Football is waking up to the potential benefits that digital can bring to the game, not just on the field of play, or at least in officiating a match, but also in enhancing fan engagement and communication.
Whether or not it is “art for art’s sake” in some cases, the possibilities are endless. Only recently, Real Madrid launched “Hala Madrid”, an eight episode video series that aims to increase engagement with its global fan base by providing an exclusive view on the inner workings of the Spanish club. As ground-breaking as this seems- it was launched via Facebook’s Watch channel – in some ways football is behind the curve when it comes to digital interaction, at least in mature markets in Western Europe.
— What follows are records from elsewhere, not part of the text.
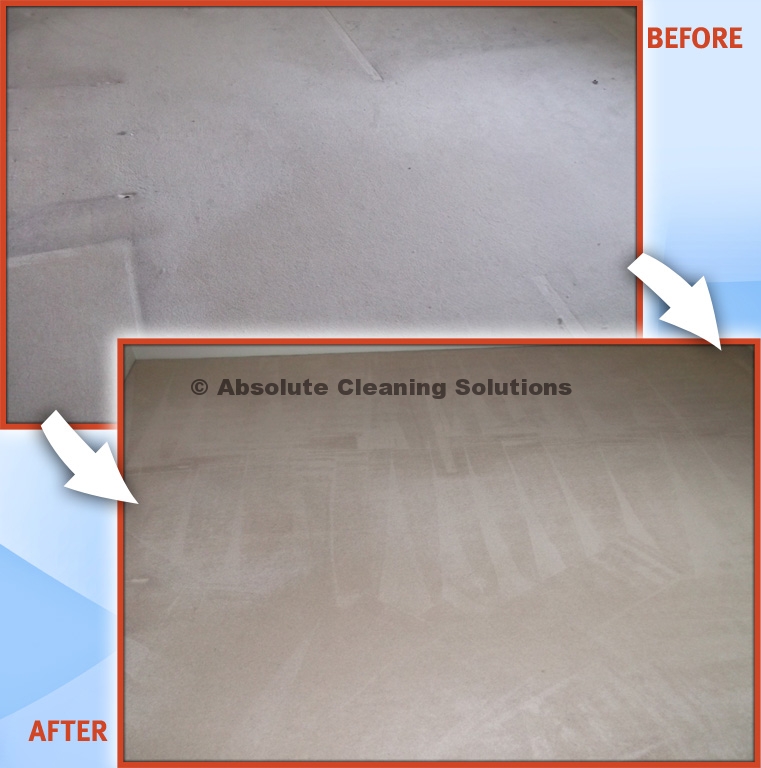 End of Tenancy Carpet Cleaning St. Albans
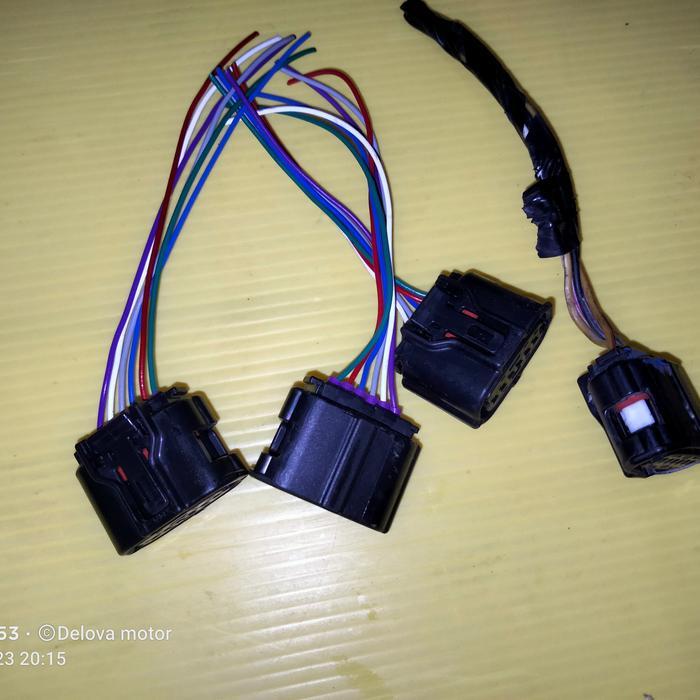 soket pedal gas Toyota Yaris Vios news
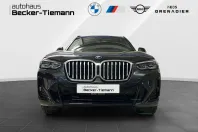 BMW X3 (Seria X) din 2024 cu 48.460 km - oferta BMW182779 - foto 2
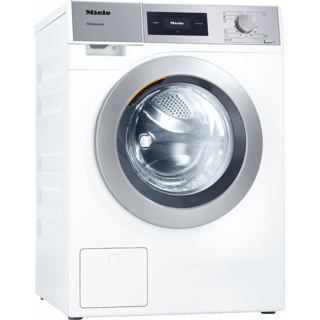 Miele Professionele wasmachine PWM 507 DP LW SPECIAL OP BEST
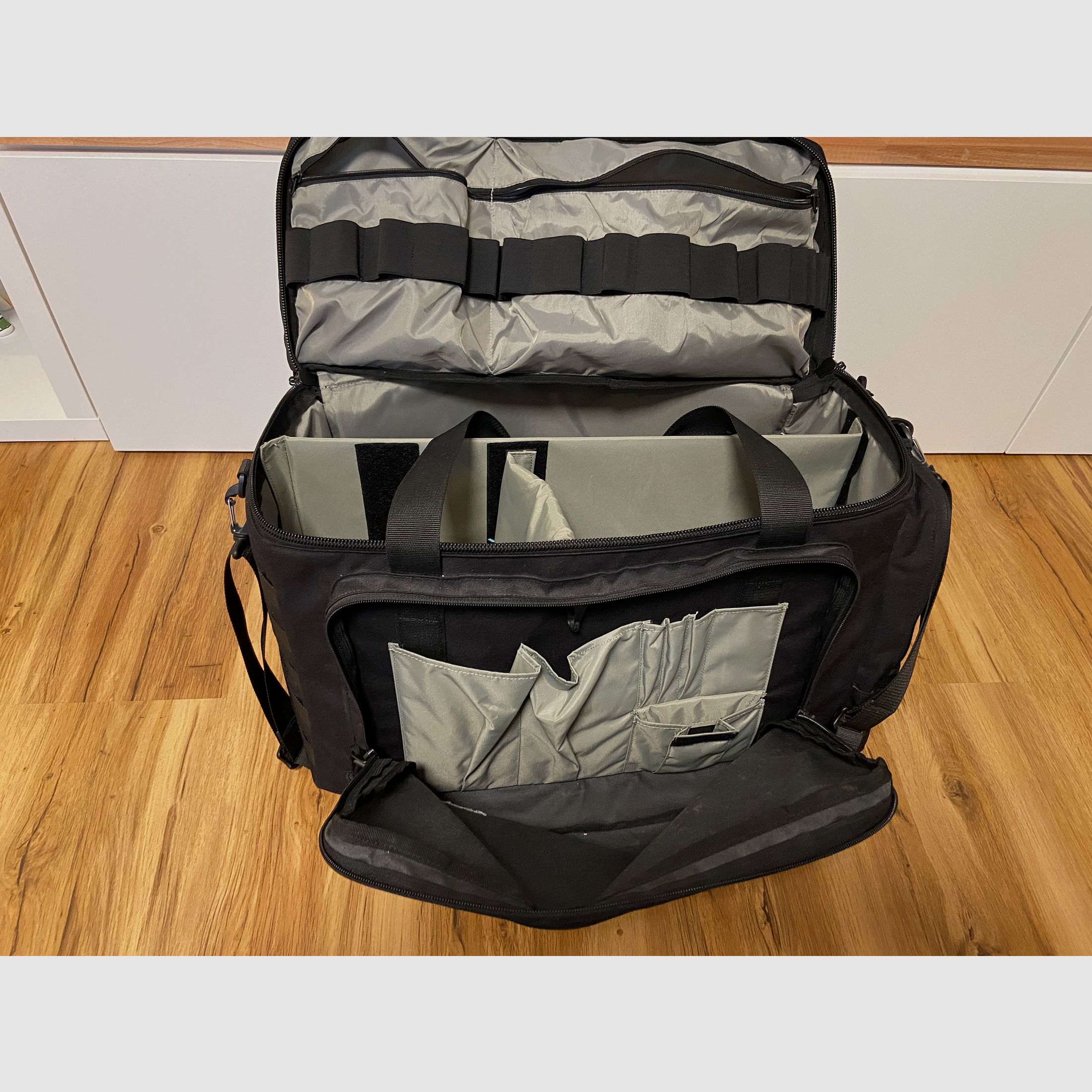 Tasmanian Tiger Range Bag / Tasche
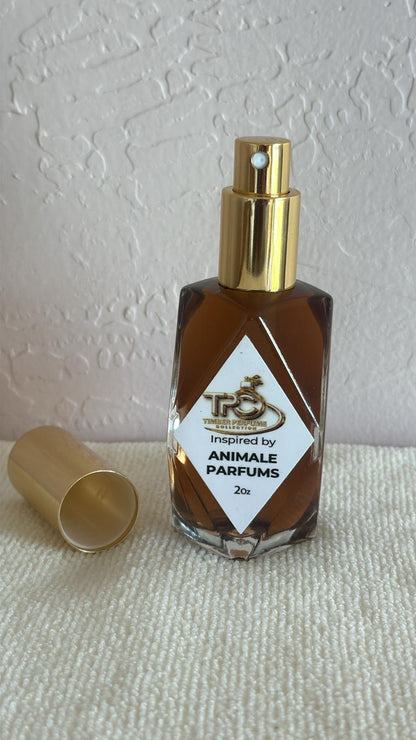 Brand Name French Oil Perfumes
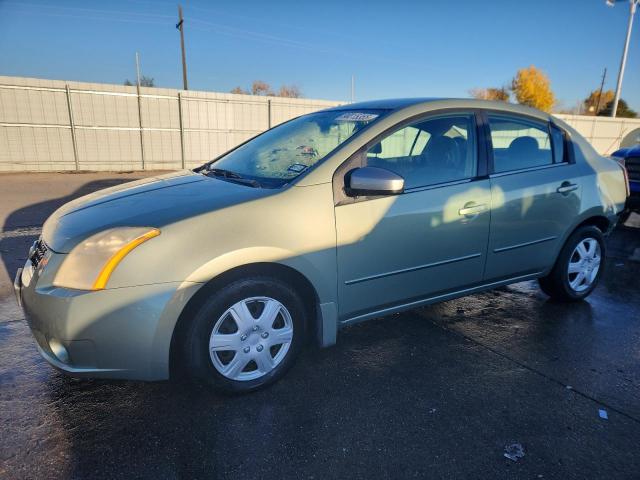 2008 NISSAN SENTRA 2.0 #3276470671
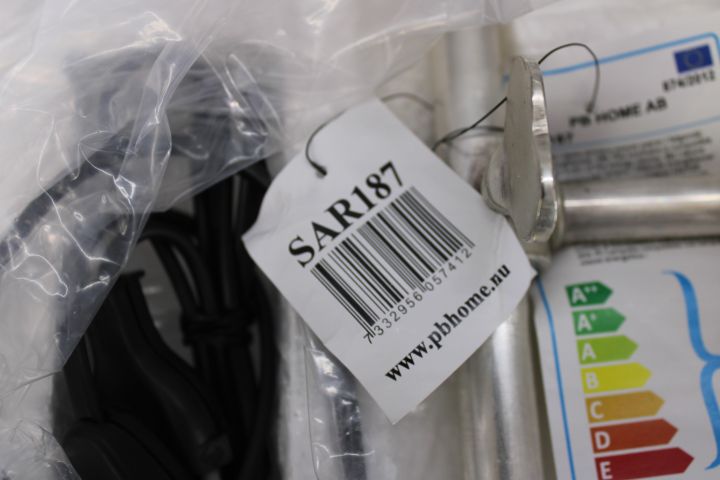 804526-5 Wall light - PB Home, SAR187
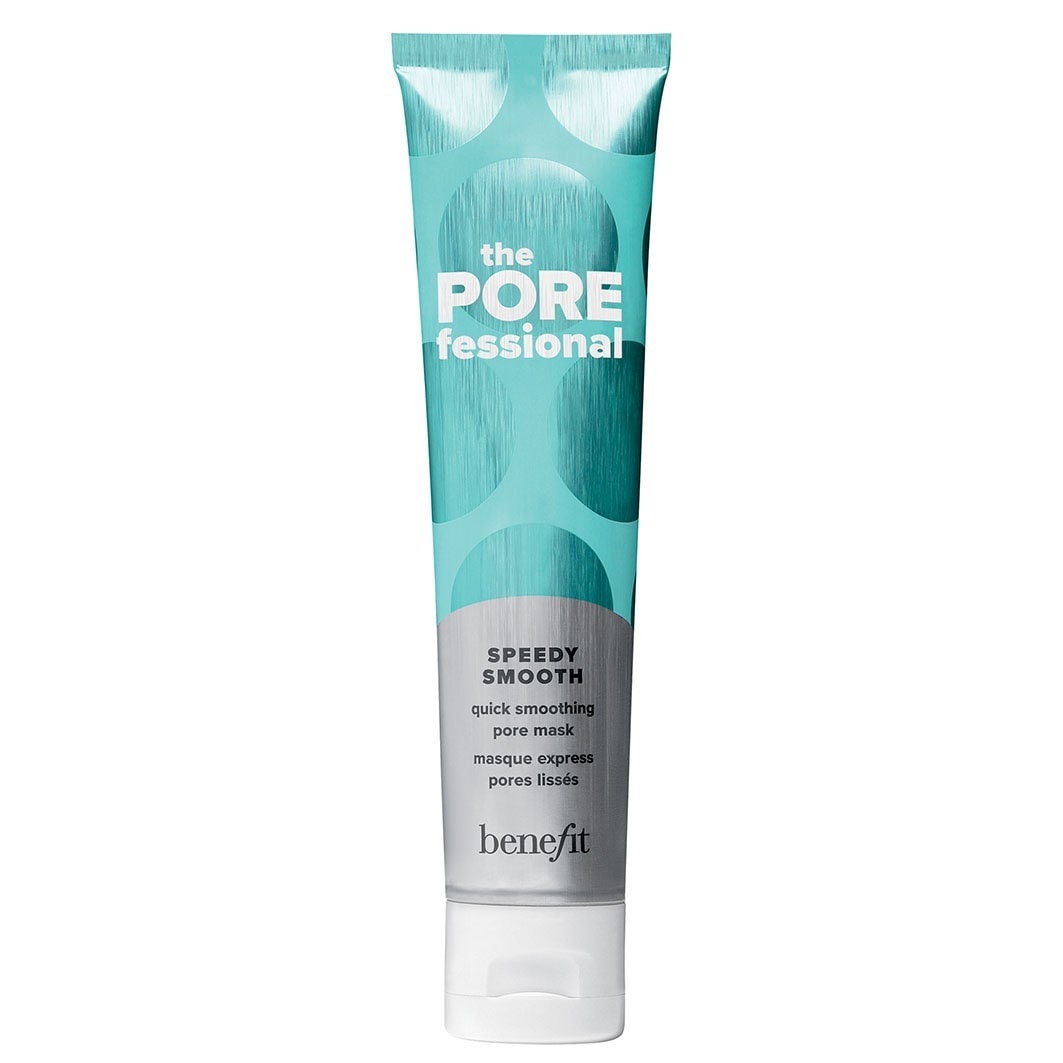 Маска для лица the porefessional speedy smooth - schnell glättende porenmaske Benefit, объем 75 мл
Маска для лица the porefessional speedy smooth - schnell glättende porenmaske Benefit, объем 75 мл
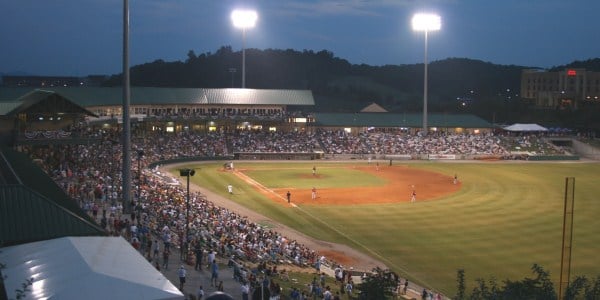 Smokies Stadium 5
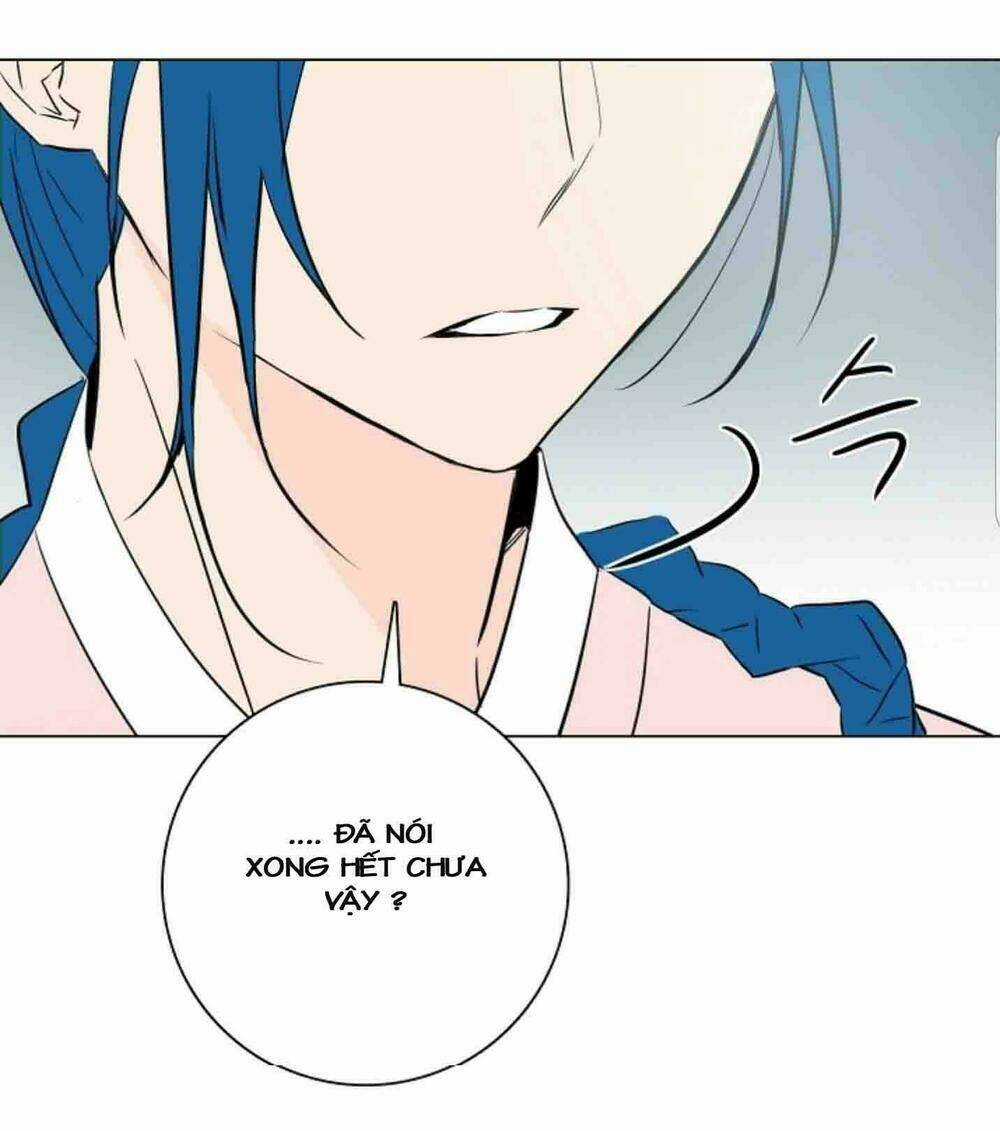 Chae Hong Sa - Chapter 16 - Trang 31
At Soccerex this week, the dynamic between digital and traditional media came under the spotlight. In some markets, such as China, the internet is not a new medium, but a traditional business – a reflection of the emergence and positive trajectory of Asia’s growth engine. In China, there has long been a strong appetite for short-form video consumption – in fact, it is fundamental in the Chinese football supporter experience.
What is obvious is that people cannot get enough of information, or being connected. One exhibitor at Soccerex explained to Game of the People they had just installed a series of “totems” around the outside of Chelsea’s Stamford Bridge that keep fans informed and allow social media engagement. The constant desire to interact is definitely a sign of the times and is clearly aimed at younger generations that have become welded to their handheld devices. We’ve come a long way from the old manual half-time scoreboard: A 1-0, B 1-1, C 0-0.
Like other industries, notably from the consumer world, Big Data has crept into football. This is a subject that has dominated financial and technology conferences for a few years, creating no amount of neurosis among established businesses that are being bent out of shape by the rising financial technology sector. Data scientists have now moved into football, recognising the massive potential of the game and its global clientbase. These tech-heads analyse subscribers, their behaviour and their preferences. Companies like Google, Amazon and Facebook have been successfully doing this for years. “Those that understand the audience most will dominate the market,” said one panellist at Soccerex.
Digital may be challenging the status quo, but not everyone is embracing it with gusto. As the panel revealed, there are two types of player in the market – those that anticipate change and take risks and those that continue to squeeze old models and eventually become a victim of change.
Nevertheless, rights holders are becoming more creative with their rights and content, using unconventional channels to reach new audiences – and this is not confined to football. Golf, American football and basketball are also harnessing new avenues and methods.
How long can broadcasting rights continue to grow and could they actually peak? The major football clubs are now global concerns, hence the likes of Manchester United, Real Madrid and Barcelona spend a lot of time expanding their reach and there is broad recognition that it is not about existing one-dimensional channels.
Furthermore, with the continued economic growth of China and India, along with their younger populations of aspiring middle classes, it is clear that the world’s untapped football markets are not necessarily in the mature boulevards of Europe. This means the audiences of tomorrow are more aligned and comfortable with technology than the old terrace dwellers of the past could ever hope to be – perhaps the digital football fans of the 21st century?